Used well, slang can not only add to your story, but become a major part of both plot and character.

However, if you do create your own slang, don’t cut corners. I recently finished the children’s book Dragon’s Milk by Susan Fletcher, and the author clearly tried to give the story a quickie fantasy makeover: all her characters talk with ploddingly normal diction, with the one exception that every time they use the word “not” they put it at the end of the sentence. Always “I know not” or “I like it not”, and never “I don’t know”, “I don’t like it”. Even worse is the naming convention: the main character’s two sisters are named Lyf and Mirym, step-mother Ryfenn, grandmother Granmyr, and three young dragons she takes care off named Synge, Embyr and Pyro before handing them over to a dragon named Byrn. Rather yrrytatyng.

Fletcher may have been able to get away with these sneaks—her primary audience in 1989 was made up of girls around eleven or twelve—but these ticks don’t add to the story.

So what principles could we follow to create work like Burgess’s? To me, it seems our goals should be very similar to those of the Do-It-Yourself movement.

Simple, Cheap

DIY

The materials DIYers work with are not exotic or expensive. A DIYer is, by definition, not a professional, and a DIY slangmaker is not a linguist (except if the slangmaker is Tolkien). When crafting slang, a DIYer should not get too fancy, at the risk of creating slang that detracts, rather than adds, to the meaning of the story (even Tolkien could probably have cut down on the number of times the elves busted out grandiloquent songs of mourning).

A few subtle and smooth changes to diction can sometimes produce a much greater effect than major grammatical changes: see my entry “Speaking in Tongues“. (logo done by me using a free gif from this site)

Repurposed, Recycled

If you have any foreign language knowledge, and Anthony Burgess had a lot, you can draw on a wealth of foreign ideas and usages in creating new jargon. Don’t create from scratch when you can borrow. For some of the fun words I’ve found in other languages, see my entry “No Direct Translation“.

Useful

One of the greatest strengths of the DIY movement is the emphasis on utility: eschewing flashy and wasteful features. This is the core value for DIY slang.

If you have read much speculative fiction, you have probably come across stories in which the warlike race has a language with way too many consonants. Well, Polish and Czech are pretty consonant-heavy languages, and the Poles and Czechs don’t seem any more warlike than the rest of us.

As an alternative to repeating the “harsh sounds-bad man” stereotype, try looking at language from a utility standpoint. Ask yourself this question: Would this word or this usage be of value to this character? Better yet, start from your character’s daily life, and find something for which there is no word in English and name it. But don’t stop there. Also create some set phrases and “translate” them: this allows you to produce alien ideas without adding too many italicized unpronounceables to your work.

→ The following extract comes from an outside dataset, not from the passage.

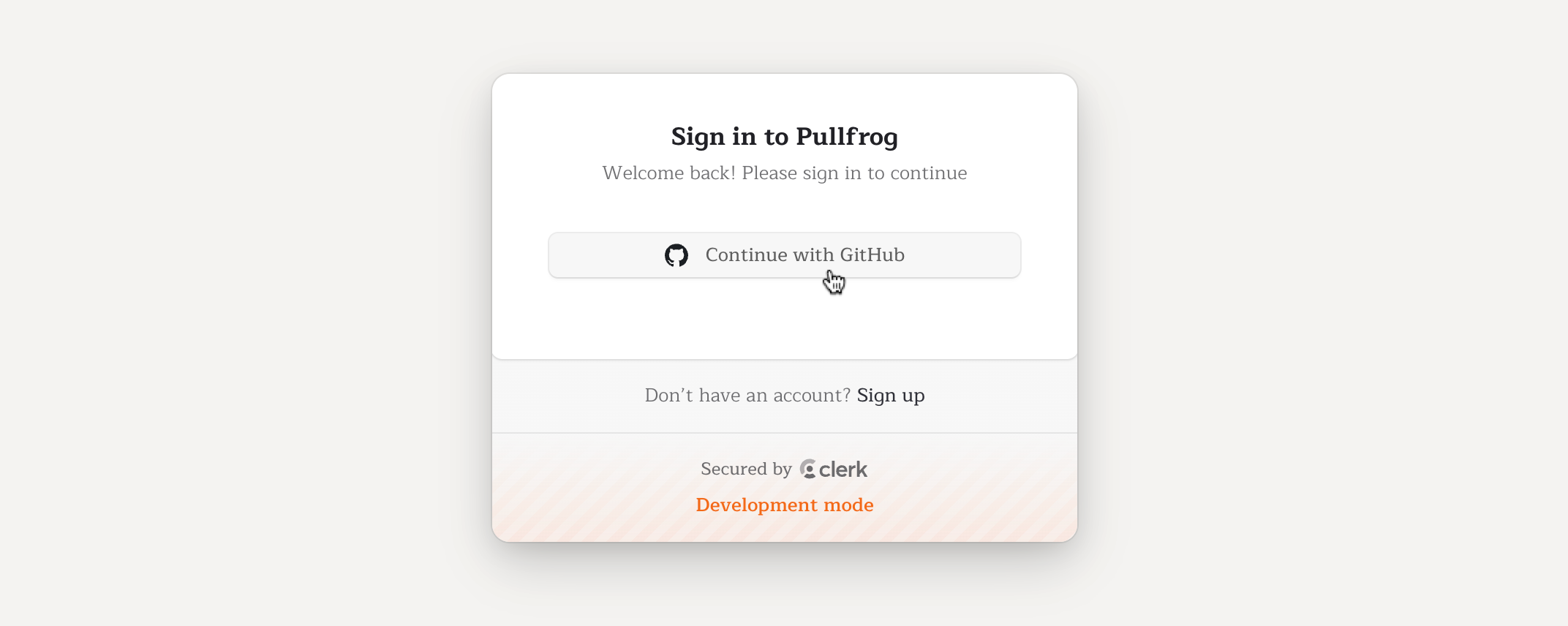Sign in to Pullfrog console with GitHub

For example, you could give the warlike people eight common words, twelve more slang words, ten euphemisms, and a couple dozen signature phrases all describing killing. Having different kinds of words, as well as phrase- and sentence-level constructions about killing will add more to your story than having one slang word you repeat over and over. If some of them even sound pleasant, all the more sinister.

Good luck with your DIYalog!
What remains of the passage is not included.